(1) Development and testing new transcriptomics-based precision oncology (PO) approaches: The goal is to broaden the scope of precision oncology (PO) to the realm of tumor transcriptomics and pathology slides.

(1a) Bulk expression-based PO: We developed SELECT and ENLIGHT, aiming to identify synthetic lethality vulnerabilities as a new way for stratifying patients to treatment from the transcriptome of a patient’s tumor. We are in the final approval steps for starting a prospective clinical trial study by the end of the year, focused initially on breast cancer.

(1b) Single-cell based PO: To begin addressing tumor heterogeneity in guiding patient treatment, We developed a new computational approach called PERCEPTION that builds treatment response models based on patients’ single-cell (SC) tumor transcriptomics [https://www.biorxiv.org/content/10.1101/2022.01.11.475728v1]. We show that PERCEPTION successfully stratifies patients to combination therapies and captures the development of clinical resistance based on the patients’ tumor’s SC-expression.

(1c) SC expression-based identification of cancer targets and combination treatments: We developed MadHitter to uncover selective combinations of targets for CAR-T, conjugated antibodies and coated nanoparticle therapies and have further developed this approach to identify new CAR-T targets in head & neck cancer https://www.biorxiv.org/content/10.1101/2021.09.29.462485v2] and currently working with collaborators to test selected predictions.

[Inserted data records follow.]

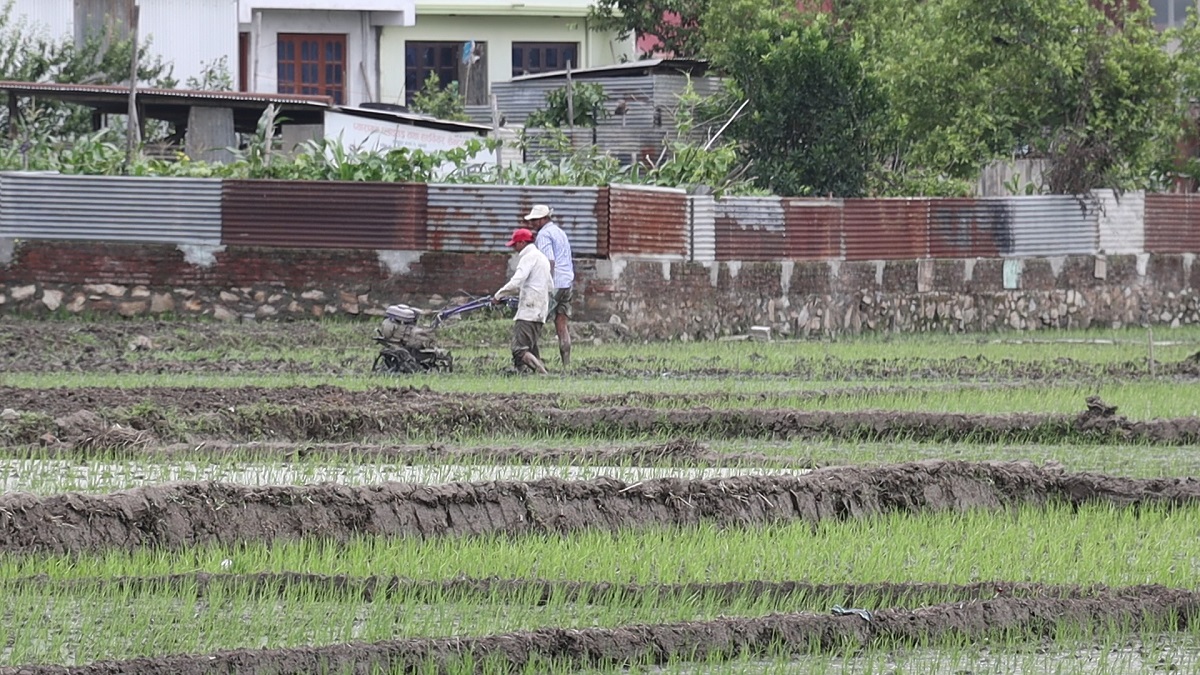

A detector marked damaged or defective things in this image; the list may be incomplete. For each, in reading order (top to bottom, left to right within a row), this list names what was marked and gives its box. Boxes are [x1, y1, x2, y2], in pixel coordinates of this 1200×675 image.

rusty metal sheet [0, 171, 220, 242]
rusty metal sheet [220, 180, 427, 248]
rusty metal sheet [424, 182, 609, 253]
rusty metal sheet [609, 183, 686, 257]
rusty metal sheet [840, 196, 931, 260]
rusty metal sheet [926, 196, 1012, 257]
rusty metal sheet [998, 196, 1099, 257]
rusty metal sheet [1099, 189, 1142, 254]
rusty metal sheet [1142, 193, 1200, 253]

 (1d) Guiding PO from tumor histopathology images: we developed a predictor of cancer patients’ treatment response, termed ENLIGHT-DeepPT, from their H&E slides [https://www.biorxiv.org/content/10.1101/2022.06.07.495219v3]. This new approach could possibly augment the feasibility of precision oncology in developing countries and underserved areas.

(2) The computational study of immunotherapy has two main research aims:

(2a) Transcriptomics-based cell-type specific characterization of the tumor microenvironment (TME): We recently developed CODEFACS, a tool for deconvolving cell type–specific gene expression in each individual tumor sample from its bulk expression, and LIRICS, a statistical framework prioritizing clinically relevant ligand–receptors.

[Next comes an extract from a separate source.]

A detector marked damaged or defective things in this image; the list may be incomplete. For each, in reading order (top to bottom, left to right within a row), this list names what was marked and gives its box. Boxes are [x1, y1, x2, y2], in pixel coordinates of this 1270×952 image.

(2b) Transcriptomic Liquid Biopsies (TLB): We are studying what can we learn about the TME transcriptome from matching while blood cell (WBC) expression of patients.

(3) Collaborative multiomics studies of cancer

Together with some of our collaborators, we have previously identified new SL-based treatments for uveal melanoma (the Gutkind lab) and pancreatic cancer (the Ronai lab), which are now in clinical trials. More generally, our collaborative work is devoted to help our experimental and clinical collaborators to extend their lab and animal model findings via a complementary analysis of patients’ data. These collaborations span many labs, both nationally and internationally (> 40 different research groups), many of which are highly productive long-term relationships.